• Problem to solve: Restate the data below word for word. Leave the images out.

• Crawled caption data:
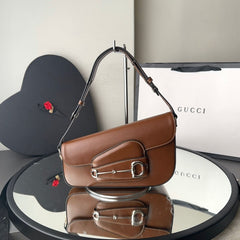 Bolsa Gucci Horsebit Assimétrica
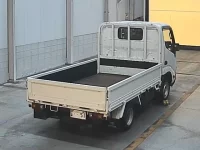Toyota DYNA лот № 8030 оценка 3.5  с аукциона в Японии 1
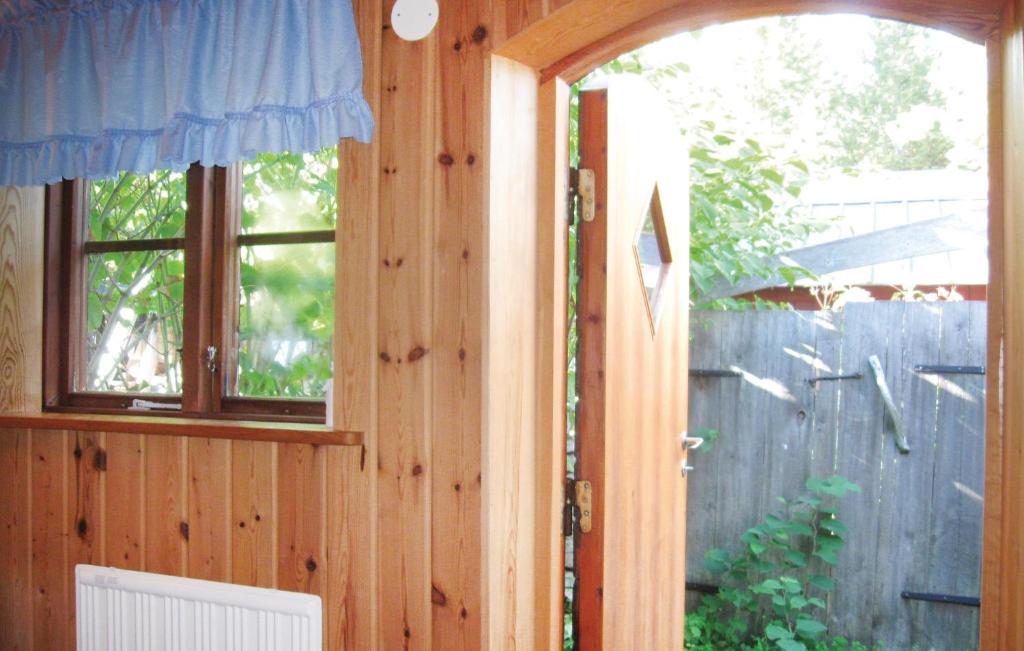 Beautiful Home In Katthammarsvik With 2 Bedrooms photo 2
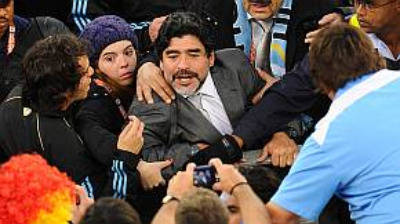Mundial Sudáfrica 2010: Maradona se bronqueó con alemanes y Dalma tuvo que calmarlo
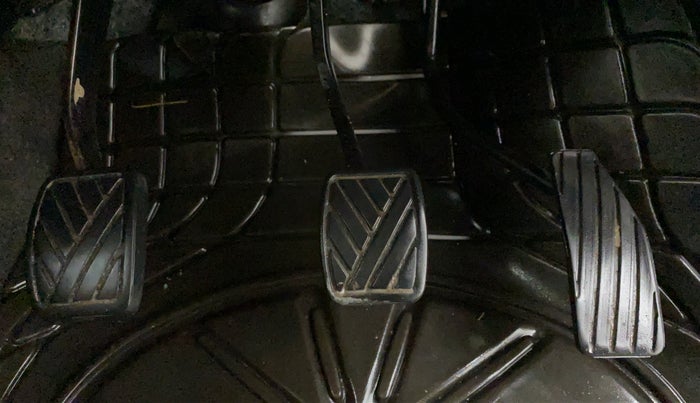 2015 Maruti Wagon R 1.0 VXI, CNG, Manual, 91,610 km, Pedals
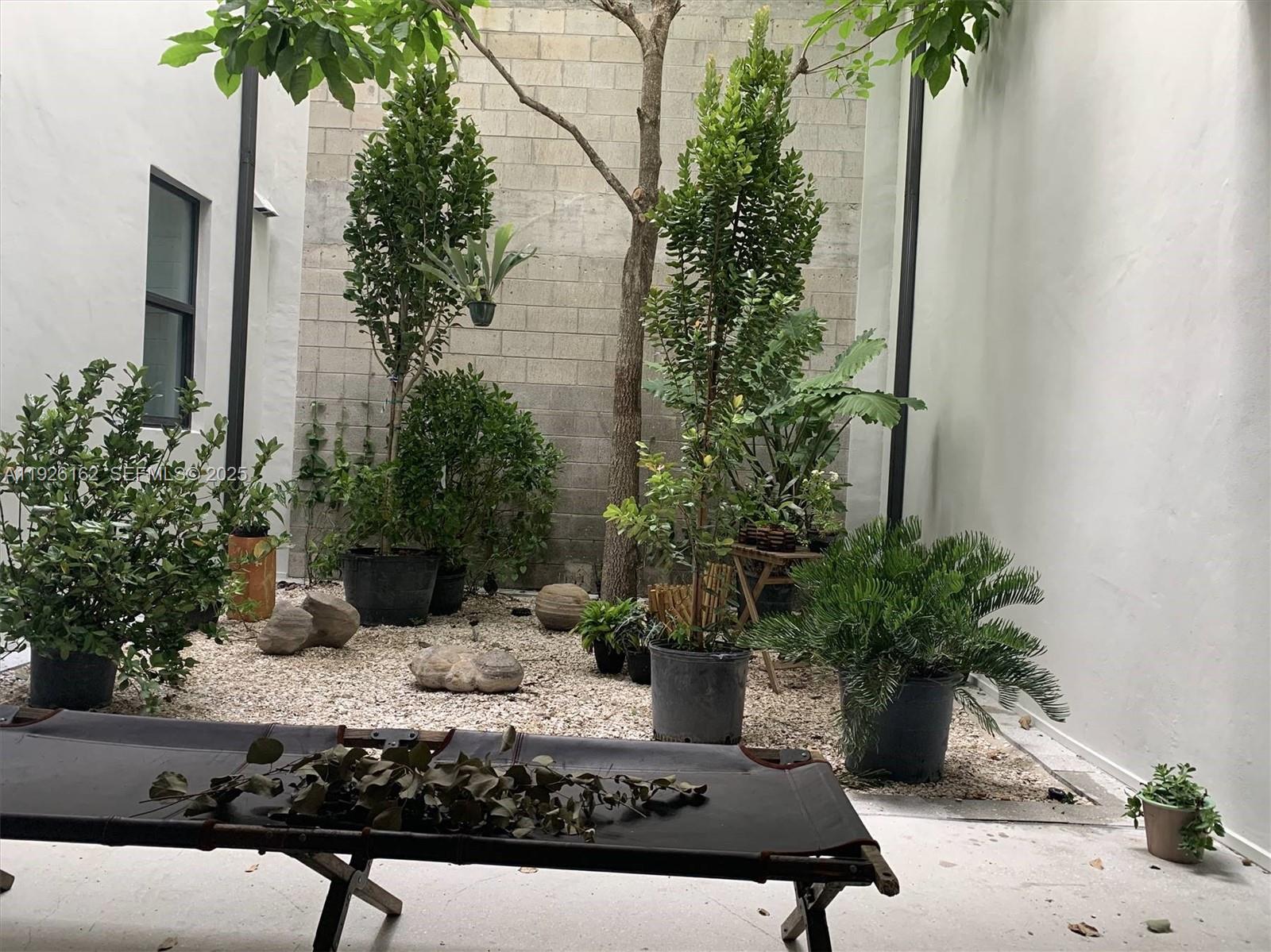 1053 NW 29th St Miami, FL 33127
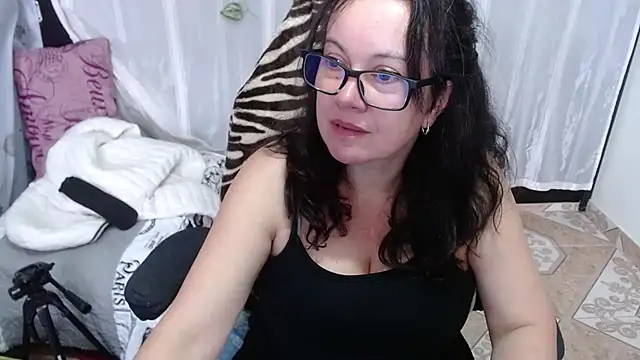 Snapshot of Sonialorens_ chatting on February 1, 2025, 6:51 pm Sonialorens  online show from February 1, 2025, 6:51 pm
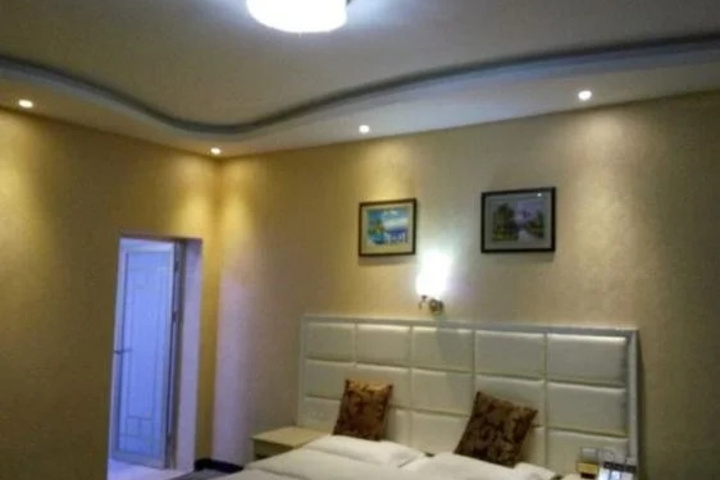 Room 4 of 9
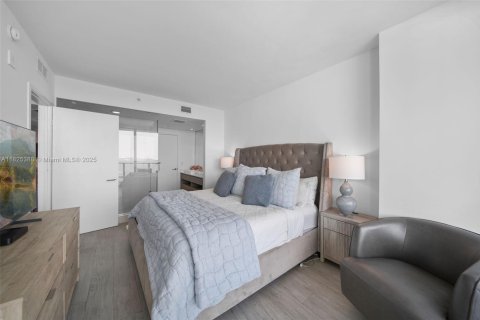 Condo in Miami, Florida, 2 bedrooms  № 1938529 - photo 18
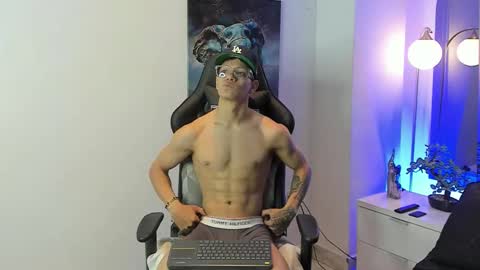 tony_petrov online show from 10/24/25, 04:53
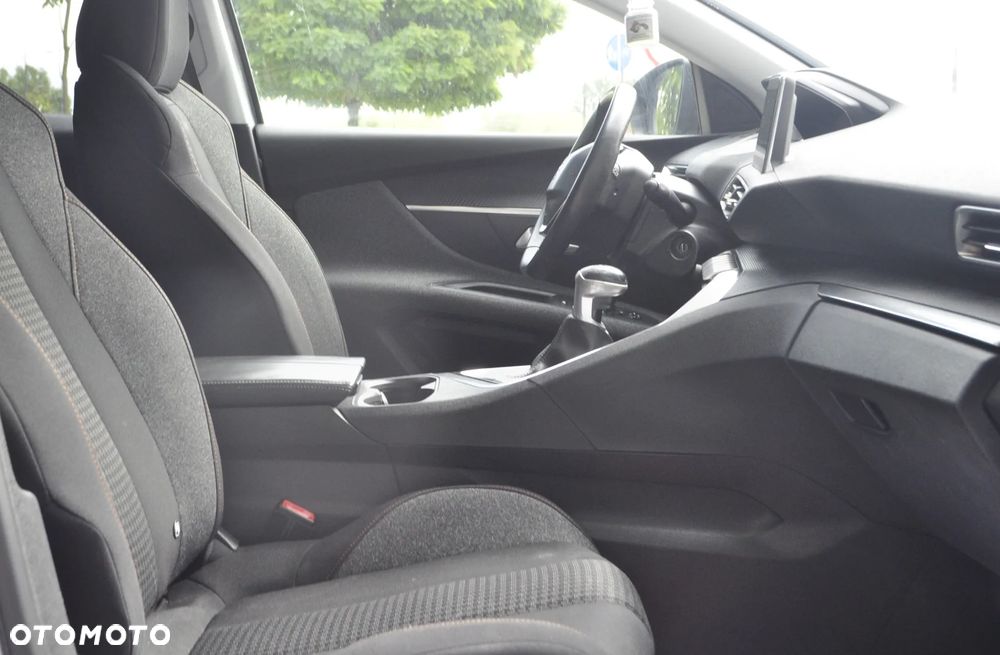Peugeot 3008 1.6 BlueHDi Allure S&S - 5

• Output for this exercise:
 Bolsa Gucci Horsebit Assimétrica
Toyota DYNA лот № 8030 оценка 3.5  с аукциона в Японии 1
 Beautiful Home In Katthammarsvik With 2 Bedrooms photo 2
Mundial Sudáfrica 2010: Maradona se bronqueó con alemanes y Dalma tuvo que calmarlo
 2015 Maruti Wagon R 1.0 VXI, CNG, Manual, 91,610 km, Pedals
 1053 NW 29th St Miami, FL 33127
 Snapshot of Sonialorens_ chatting on February 1, 2025, 6:51 pm Sonialorens  online show from February 1, 2025, 6:51 pm
 Room 4 of 9
 Condo in Miami, Florida, 2 bedrooms  № 1938529 - photo 18
 tony_petrov online show from 10/24/25, 04:53
Peugeot 3008 1.6 BlueHDi Allure S&S - 5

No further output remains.